I thought I’d never see the day when Sharon would be content to spend a quiet hour with me looking at my holiday snaps on the laptop. Alcoholic nymphomaniacs, I suppose, must mellow over time like everybody else. Her interest was unflagging, even when we came to 50 pictures of the same three elephants enjoying themselves in the Shire river in Malawi. And when we got on to the ones I took of Madonna at a tree-planting ceremony near Lilongwe, she was avid. I’d completely forgotten I’d watched Madonna plant a tree last October, so I enjoyed seeing them as well.
The snaps had come about like this. I was waiting at Zomba bus station, Blantyre-bound, and reading the famous old Blantyre newspaper the Daily Times (formerly the Nyasaland Times and before that the Central African Planter). A piece on page two said that Madonna was coming to Lilongwe to plant a moringa tree to celebrate the start of construction work on a prestigious girls’ academy, to which she was contributing £11 million. The event would be covered by local media only, it said. So in Blantyre I went to the offices of the Daily Times and said to the hacks I would love to see Madonna plant this moringa tree, unfortunately local media only were invited. And the hacks in the newsroom laughed and said no problem, come with us.

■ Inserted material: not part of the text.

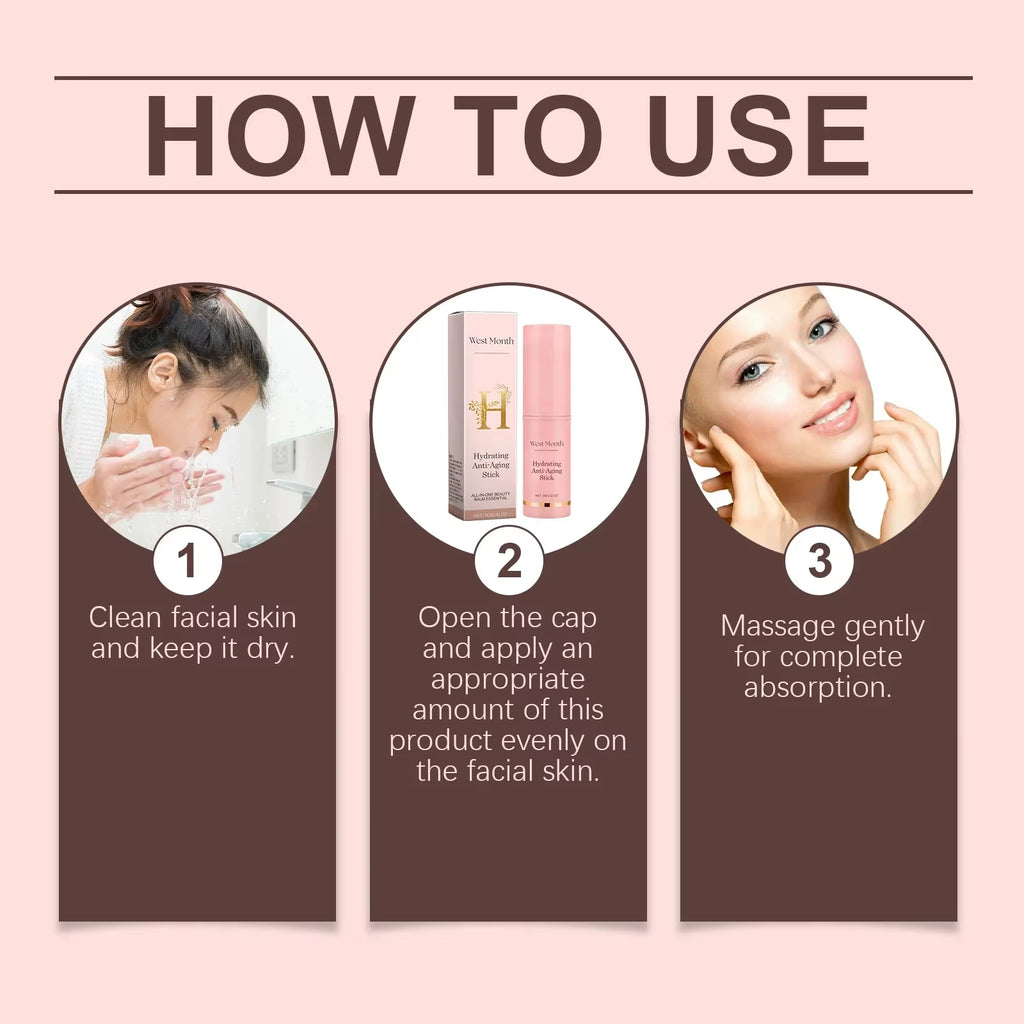 Moisturizing Multi Balm Stick Wrinkle Bounce Collagen Improving Wrinkle Universal Cream Dull Hydrating Stick Korean Skin Care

Three days later, beside the road from Lilongwe out to the airport, I paid the cab driver and walked down a slope to where a crowd was awaiting her arrival. A vast area of bush had been stripped from the hillside, exposing a smooth hard clay surface. Roughly in the middle of this bareness was a marquee packed with locals sheltering from the midday sun. Facing the marquee, a flower-banked dais had been prepared for Madonna and her entourage, which had yet to arrive. About 500 schoolchildren with no shade were lined up on the far side. On the near side a dozen local hacks and photographers stood behind a single strand of twine. The pre-dug hole for the young moringa tree was right in front of the press line, not six feet away. The lads from the Daily Times greeted me like one of their own.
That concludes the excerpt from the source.